_TASK INSTRUCTIONS_: Please output the section of the listing below that opens with the line containing "Buttock Lift with" and closes with the line containing "The Truth About", exactly and with nothing else.

_SUPPLIED INFORMATION_:

*** Block opens ***

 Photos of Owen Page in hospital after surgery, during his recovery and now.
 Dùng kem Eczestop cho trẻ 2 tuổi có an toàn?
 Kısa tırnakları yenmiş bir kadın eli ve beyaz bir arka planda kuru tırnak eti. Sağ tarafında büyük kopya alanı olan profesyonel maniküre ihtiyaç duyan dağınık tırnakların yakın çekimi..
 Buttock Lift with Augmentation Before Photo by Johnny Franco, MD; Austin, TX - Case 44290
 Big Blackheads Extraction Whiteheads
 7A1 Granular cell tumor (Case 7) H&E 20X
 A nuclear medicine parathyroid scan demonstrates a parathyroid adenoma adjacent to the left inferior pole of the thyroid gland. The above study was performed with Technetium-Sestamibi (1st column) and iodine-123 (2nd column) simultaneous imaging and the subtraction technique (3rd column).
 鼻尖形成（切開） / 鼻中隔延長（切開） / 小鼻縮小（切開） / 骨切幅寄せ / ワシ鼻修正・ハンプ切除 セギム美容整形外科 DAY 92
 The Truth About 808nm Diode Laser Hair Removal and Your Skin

*** Block closes ***
*** Block opens ***

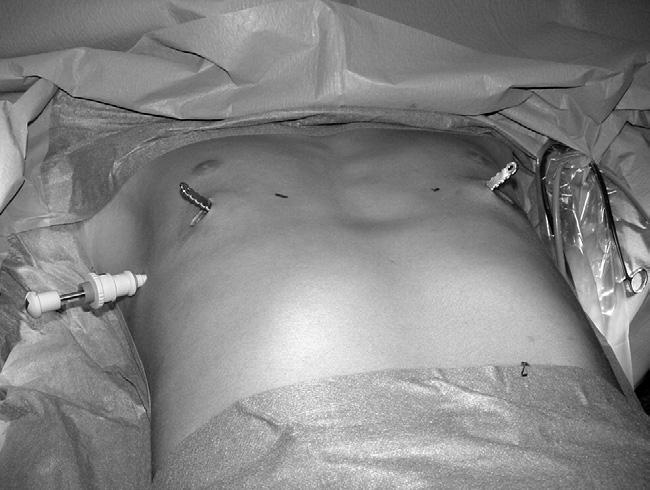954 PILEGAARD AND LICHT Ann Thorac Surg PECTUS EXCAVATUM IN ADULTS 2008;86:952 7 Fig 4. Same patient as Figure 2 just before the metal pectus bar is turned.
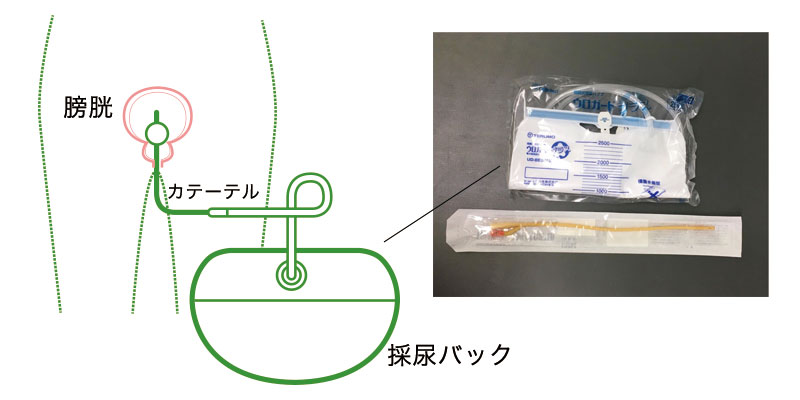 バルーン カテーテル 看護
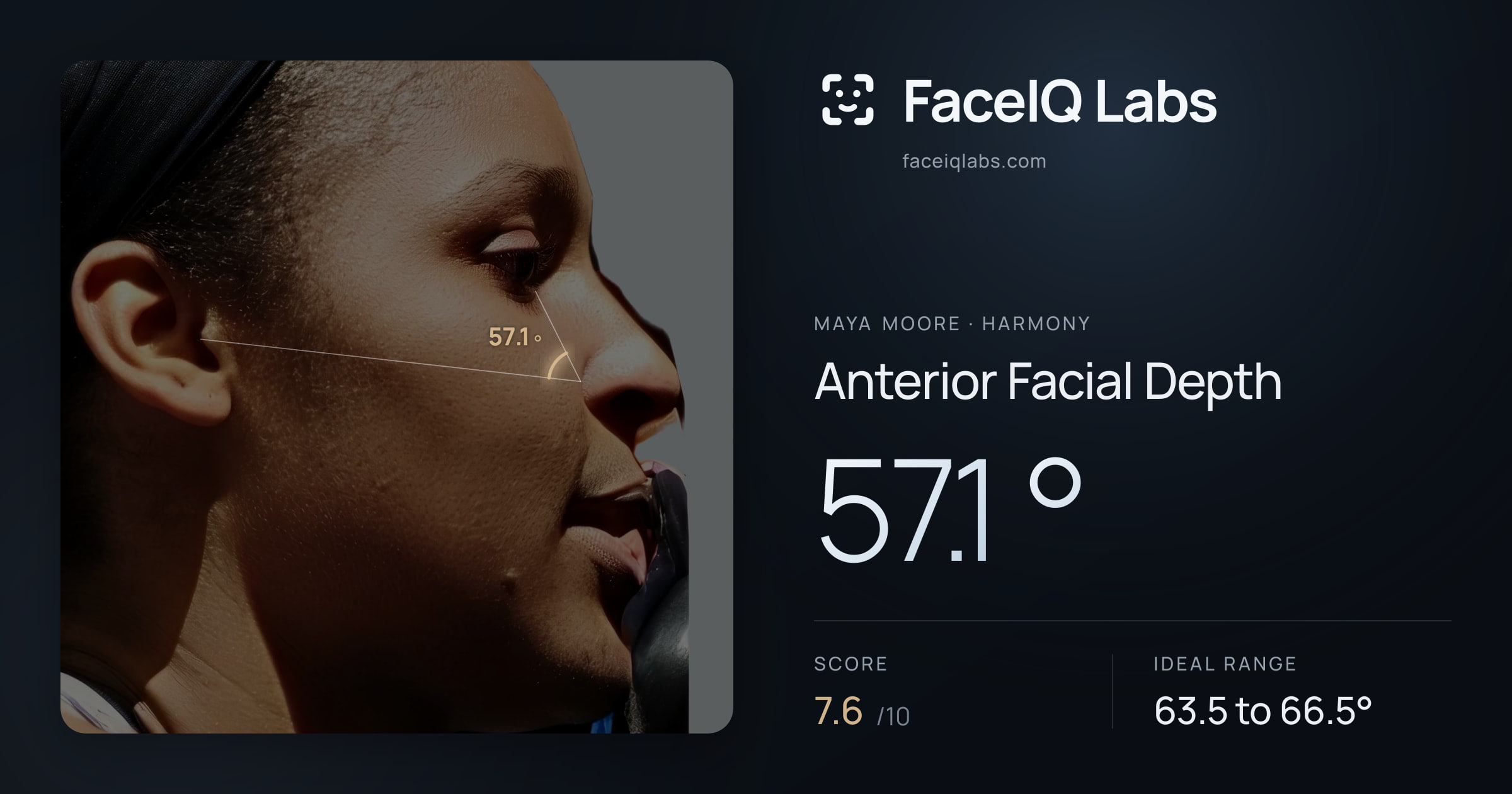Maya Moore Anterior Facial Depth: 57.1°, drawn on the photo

*** Block closes ***
*** Block opens ***

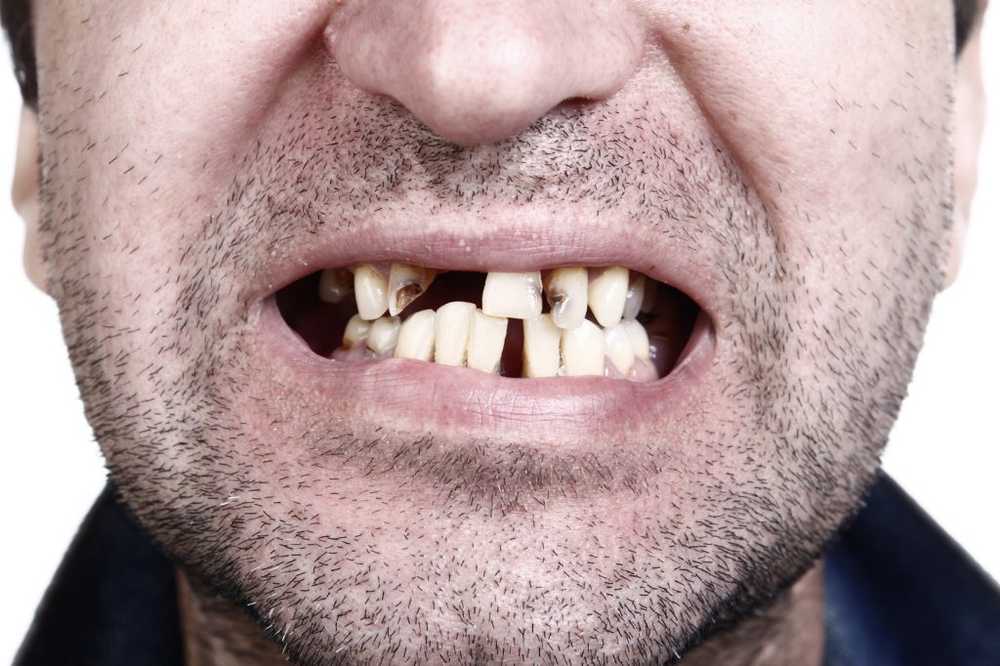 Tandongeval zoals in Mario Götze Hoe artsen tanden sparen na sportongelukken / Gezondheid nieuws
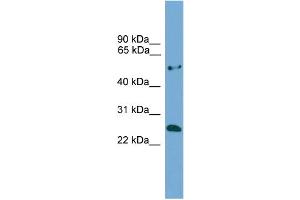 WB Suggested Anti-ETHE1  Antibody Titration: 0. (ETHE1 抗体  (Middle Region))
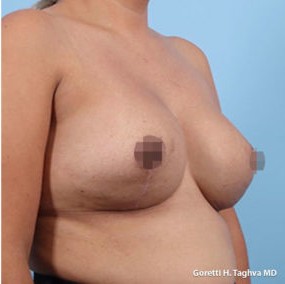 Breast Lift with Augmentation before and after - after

*** Block closes ***

_TASK ANSWER_:
 Buttock Lift with Augmentation Before Photo by Johnny Franco, MD; Austin, TX - Case 44290
 Big Blackheads Extraction Whiteheads
 7A1 Granular cell tumor (Case 7) H&E 20X
 A nuclear medicine parathyroid scan demonstrates a parathyroid adenoma adjacent to the left inferior pole of the thyroid gland. The above study was performed with Technetium-Sestamibi (1st column) and iodine-123 (2nd column) simultaneous imaging and the subtraction technique (3rd column).
 鼻尖形成（切開） / 鼻中隔延長（切開） / 小鼻縮小（切開） / 骨切幅寄せ / ワシ鼻修正・ハンプ切除 セギム美容整形外科 DAY 92
 The Truth About 808nm Diode Laser Hair Removal and Your Skin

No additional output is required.